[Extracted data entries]
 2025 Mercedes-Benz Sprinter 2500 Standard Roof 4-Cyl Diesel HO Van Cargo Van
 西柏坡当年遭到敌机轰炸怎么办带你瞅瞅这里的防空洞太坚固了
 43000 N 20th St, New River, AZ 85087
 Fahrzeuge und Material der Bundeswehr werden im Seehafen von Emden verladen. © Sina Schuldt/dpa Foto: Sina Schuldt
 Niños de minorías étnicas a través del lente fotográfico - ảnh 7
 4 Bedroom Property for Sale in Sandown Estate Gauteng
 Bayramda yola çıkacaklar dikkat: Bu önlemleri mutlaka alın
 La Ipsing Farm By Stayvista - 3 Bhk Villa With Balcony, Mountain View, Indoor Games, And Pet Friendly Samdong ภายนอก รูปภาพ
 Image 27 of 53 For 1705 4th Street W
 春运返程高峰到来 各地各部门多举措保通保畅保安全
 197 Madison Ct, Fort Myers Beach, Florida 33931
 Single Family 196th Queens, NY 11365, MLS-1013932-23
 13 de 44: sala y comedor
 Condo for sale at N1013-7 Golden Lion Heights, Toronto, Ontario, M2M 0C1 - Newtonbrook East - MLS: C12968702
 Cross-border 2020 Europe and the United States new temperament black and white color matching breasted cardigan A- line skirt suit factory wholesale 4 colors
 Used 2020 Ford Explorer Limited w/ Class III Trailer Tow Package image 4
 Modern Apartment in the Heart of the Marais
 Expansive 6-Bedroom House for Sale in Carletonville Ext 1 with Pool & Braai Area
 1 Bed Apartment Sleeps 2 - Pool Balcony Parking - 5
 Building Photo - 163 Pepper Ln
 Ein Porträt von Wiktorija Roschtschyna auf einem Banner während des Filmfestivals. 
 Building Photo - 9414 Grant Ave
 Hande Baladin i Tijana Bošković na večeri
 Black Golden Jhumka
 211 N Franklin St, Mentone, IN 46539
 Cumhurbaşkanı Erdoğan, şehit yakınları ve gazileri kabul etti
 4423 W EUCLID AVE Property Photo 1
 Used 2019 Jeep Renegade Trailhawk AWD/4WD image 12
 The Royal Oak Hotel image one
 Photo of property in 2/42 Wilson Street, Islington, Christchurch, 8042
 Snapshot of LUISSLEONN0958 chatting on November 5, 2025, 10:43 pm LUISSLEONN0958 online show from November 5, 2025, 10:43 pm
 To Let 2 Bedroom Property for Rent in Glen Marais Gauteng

> [Work required]: Reproduce every line of the entries above, unchanged, from the very first one down to and including the line containing "Modern Apartment in the Heart of the Marais".

> [Finished exercise]:
 2025 Mercedes-Benz Sprinter 2500 Standard Roof 4-Cyl Diesel HO Van Cargo Van
 西柏坡当年遭到敌机轰炸怎么办带你瞅瞅这里的防空洞太坚固了
 43000 N 20th St, New River, AZ 85087
 Fahrzeuge und Material der Bundeswehr werden im Seehafen von Emden verladen. © Sina Schuldt/dpa Foto: Sina Schuldt
 Niños de minorías étnicas a través del lente fotográfico - ảnh 7
 4 Bedroom Property for Sale in Sandown Estate Gauteng
 Bayramda yola çıkacaklar dikkat: Bu önlemleri mutlaka alın
 La Ipsing Farm By Stayvista - 3 Bhk Villa With Balcony, Mountain View, Indoor Games, And Pet Friendly Samdong ภายนอก รูปภาพ
 Image 27 of 53 For 1705 4th Street W
 春运返程高峰到来 各地各部门多举措保通保畅保安全
 197 Madison Ct, Fort Myers Beach, Florida 33931
 Single Family 196th Queens, NY 11365, MLS-1013932-23
 13 de 44: sala y comedor
 Condo for sale at N1013-7 Golden Lion Heights, Toronto, Ontario, M2M 0C1 - Newtonbrook East - MLS: C12968702
 Cross-border 2020 Europe and the United States new temperament black and white color matching breasted cardigan A- line skirt suit factory wholesale 4 colors
 Used 2020 Ford Explorer Limited w/ Class III Trailer Tow Package image 4
 Modern Apartment in the Heart of the Marais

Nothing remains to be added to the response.